***** Entries supplied

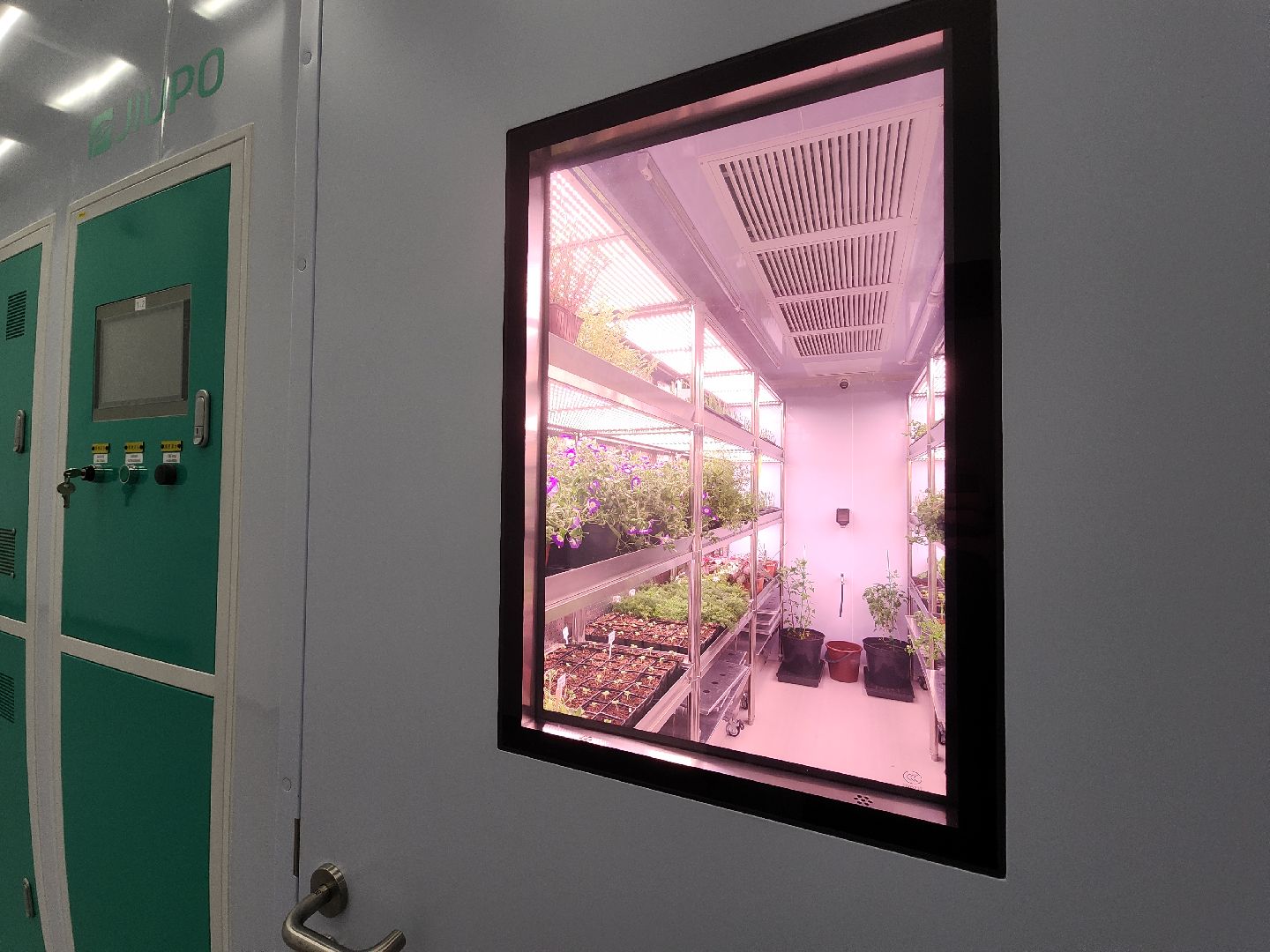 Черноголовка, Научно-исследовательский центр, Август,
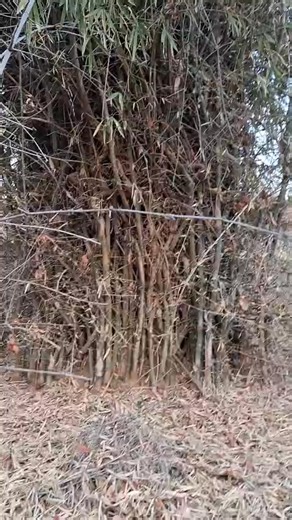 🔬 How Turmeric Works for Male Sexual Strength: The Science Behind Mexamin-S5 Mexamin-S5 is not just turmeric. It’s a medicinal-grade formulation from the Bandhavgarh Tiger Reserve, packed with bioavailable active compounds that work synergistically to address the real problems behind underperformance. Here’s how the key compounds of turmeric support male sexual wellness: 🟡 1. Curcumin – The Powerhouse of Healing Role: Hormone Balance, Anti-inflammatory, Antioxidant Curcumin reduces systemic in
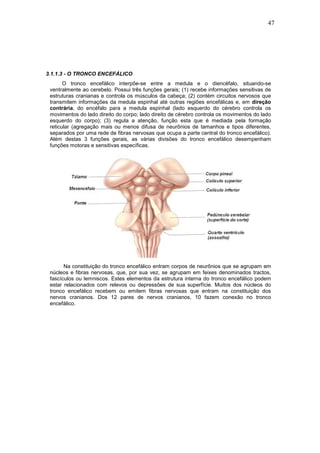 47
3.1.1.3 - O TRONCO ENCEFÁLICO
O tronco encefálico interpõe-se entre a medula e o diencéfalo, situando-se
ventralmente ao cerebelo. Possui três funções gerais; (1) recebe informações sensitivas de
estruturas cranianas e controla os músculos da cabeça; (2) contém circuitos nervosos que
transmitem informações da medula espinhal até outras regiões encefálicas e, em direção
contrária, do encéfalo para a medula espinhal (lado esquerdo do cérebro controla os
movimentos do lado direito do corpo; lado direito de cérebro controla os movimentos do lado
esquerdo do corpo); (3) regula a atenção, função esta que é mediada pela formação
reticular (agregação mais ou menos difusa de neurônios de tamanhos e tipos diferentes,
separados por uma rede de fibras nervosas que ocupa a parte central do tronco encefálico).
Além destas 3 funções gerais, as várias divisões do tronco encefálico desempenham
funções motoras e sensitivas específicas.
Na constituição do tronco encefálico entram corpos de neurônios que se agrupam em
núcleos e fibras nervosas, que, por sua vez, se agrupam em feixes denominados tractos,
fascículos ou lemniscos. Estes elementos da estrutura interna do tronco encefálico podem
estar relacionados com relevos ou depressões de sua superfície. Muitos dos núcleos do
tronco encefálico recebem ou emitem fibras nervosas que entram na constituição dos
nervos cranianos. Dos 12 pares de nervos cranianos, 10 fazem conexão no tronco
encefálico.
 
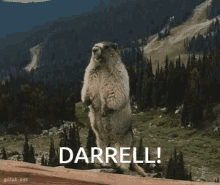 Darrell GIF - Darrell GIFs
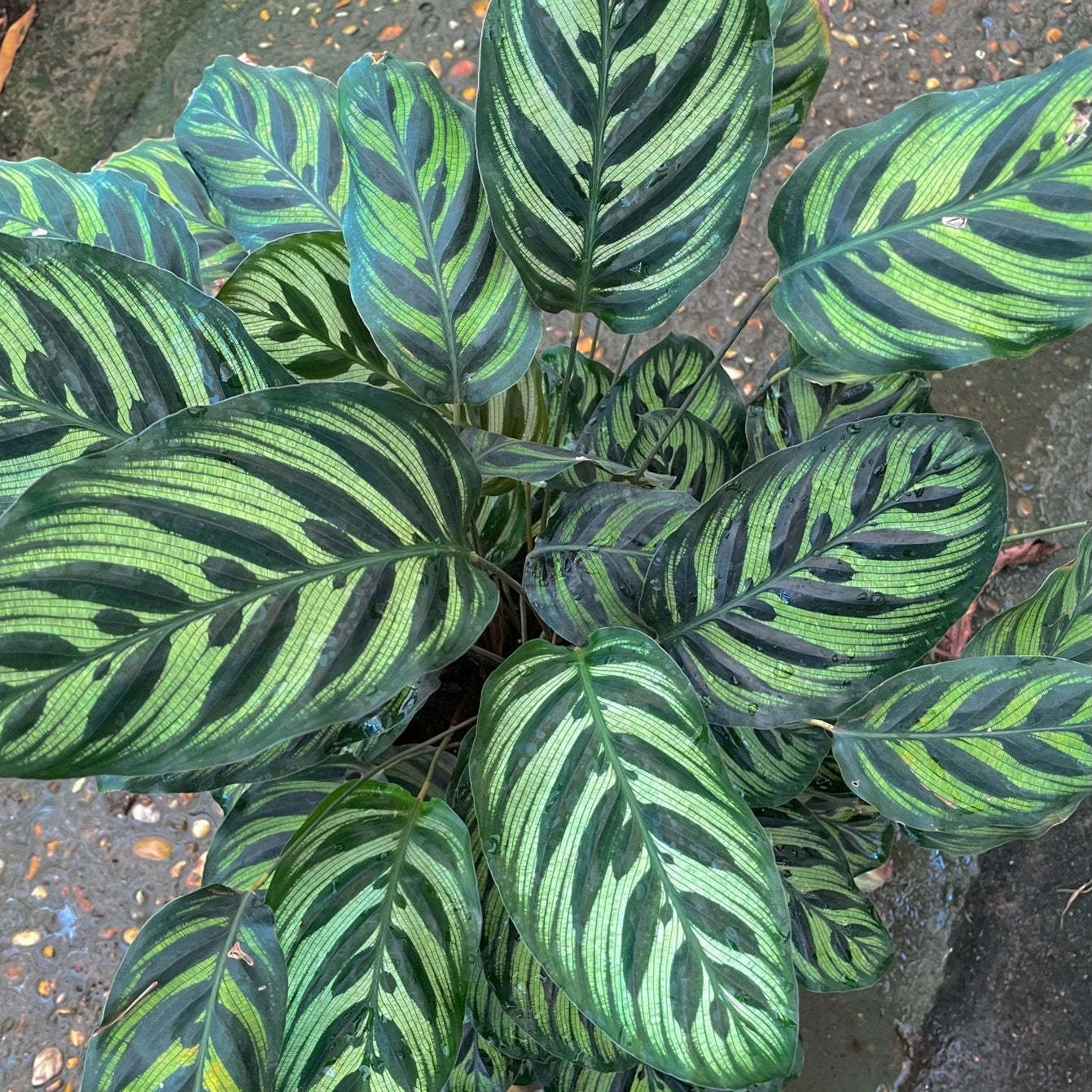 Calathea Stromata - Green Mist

**********
***** Entries supplied

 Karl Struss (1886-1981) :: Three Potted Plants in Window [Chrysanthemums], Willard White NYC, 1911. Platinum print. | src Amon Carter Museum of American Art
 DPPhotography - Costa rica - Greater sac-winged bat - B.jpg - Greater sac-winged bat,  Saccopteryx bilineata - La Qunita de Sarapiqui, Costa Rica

**********

▶ _What is required_: Print exactly the lines above that run from the one with "nervos cranianos. Dos" down to the one with "Calathea Stromata - Green Mist", and omit the pictures.

▶ _Result_:
nervos cranianos. Dos 12 pares de nervos cranianos, 10 fazem conexão no tronco
encefálico.
 
 Darrell GIF - Darrell GIFs
 Calathea Stromata - Green Mist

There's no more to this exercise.